_Problem description_
From the line with "Conjunto camiseta solar y bañador 4-5 años" to the line with "GXCROR Cooling Skull", output every line below exactly, both ends included. Skip the pictures.

_Exercise material_
^^^^

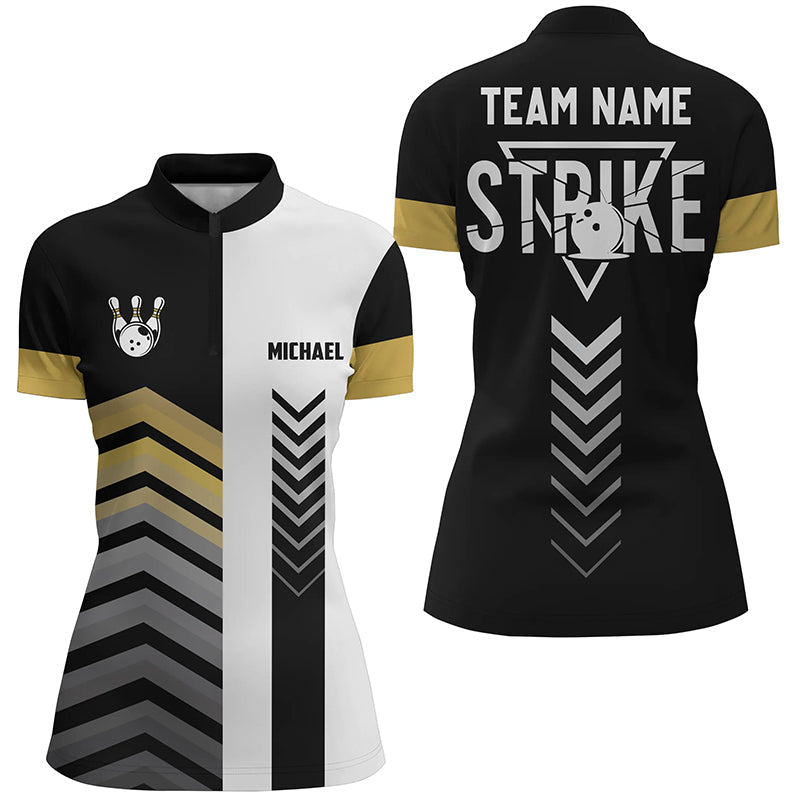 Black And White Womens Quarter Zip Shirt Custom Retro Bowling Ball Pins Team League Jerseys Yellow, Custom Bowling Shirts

^^^^

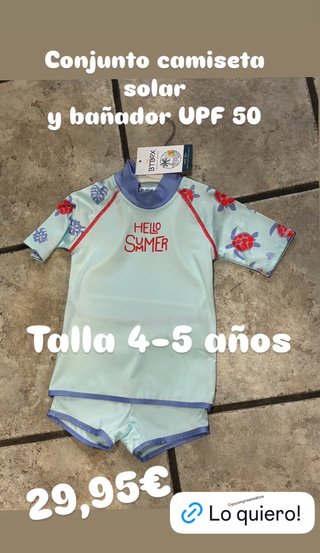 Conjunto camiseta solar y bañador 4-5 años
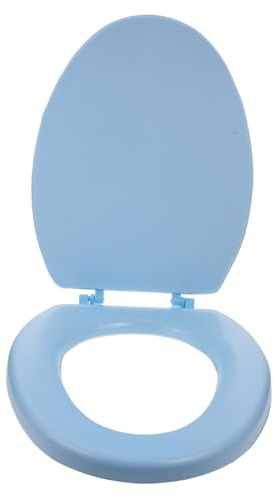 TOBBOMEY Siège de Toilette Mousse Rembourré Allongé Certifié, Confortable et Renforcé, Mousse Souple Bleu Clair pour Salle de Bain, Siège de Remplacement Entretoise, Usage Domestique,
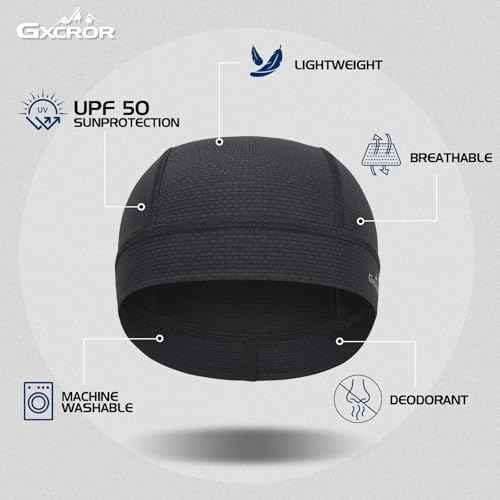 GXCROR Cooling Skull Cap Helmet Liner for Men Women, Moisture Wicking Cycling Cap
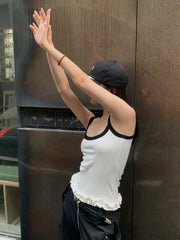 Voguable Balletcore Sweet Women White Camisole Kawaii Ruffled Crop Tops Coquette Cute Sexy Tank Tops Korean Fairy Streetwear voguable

^^^^

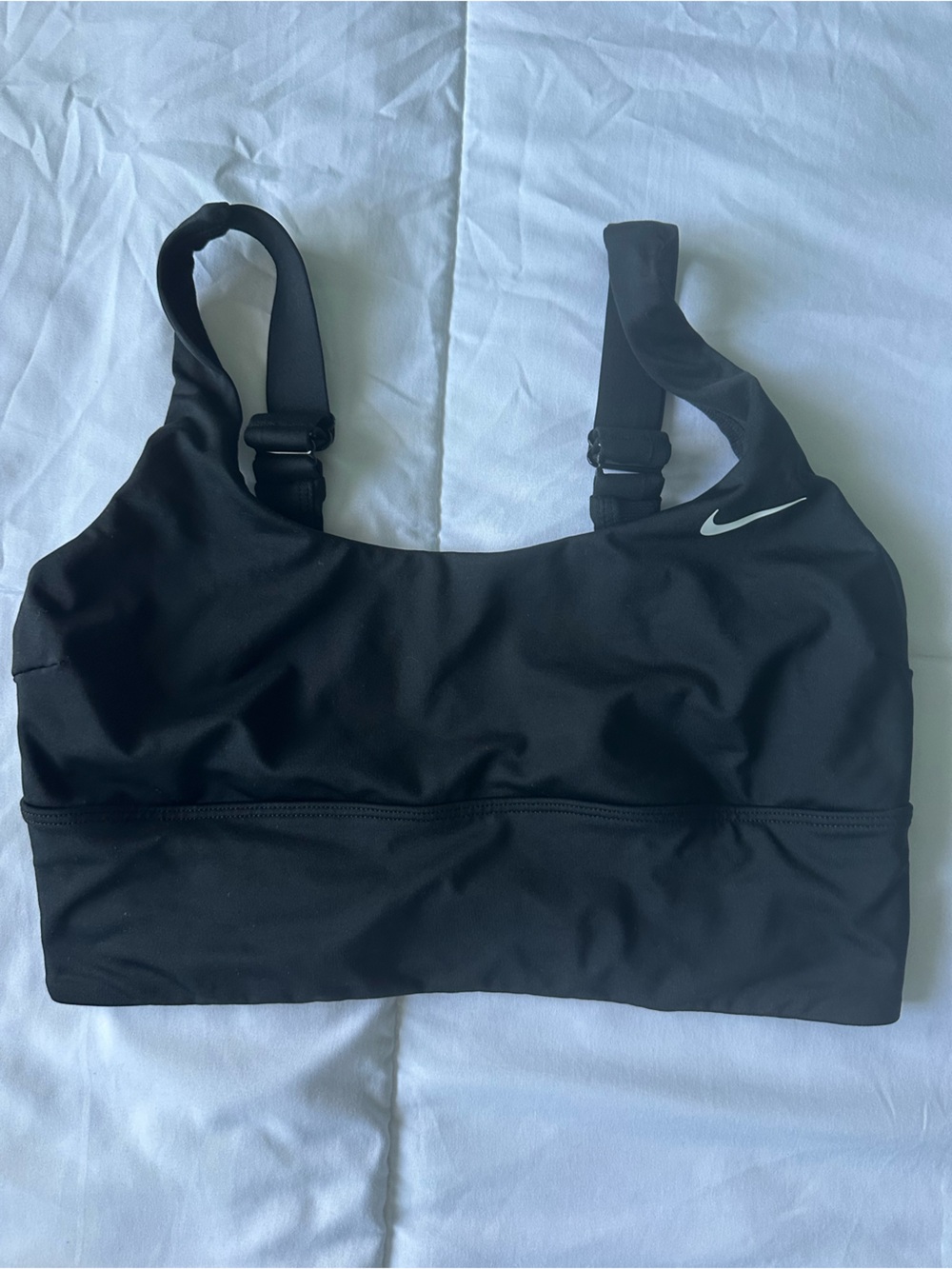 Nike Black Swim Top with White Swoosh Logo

^^^^

_Solution to the exercise_
 Conjunto camiseta solar y bañador 4-5 años
 TOBBOMEY Siège de Toilette Mousse Rembourré Allongé Certifié, Confortable et Renforcé, Mousse Souple Bleu Clair pour Salle de Bain, Siège de Remplacement Entretoise, Usage Domestique,
 GXCROR Cooling Skull Cap Helmet Liner for Men Women, Moisture Wicking Cycling Cap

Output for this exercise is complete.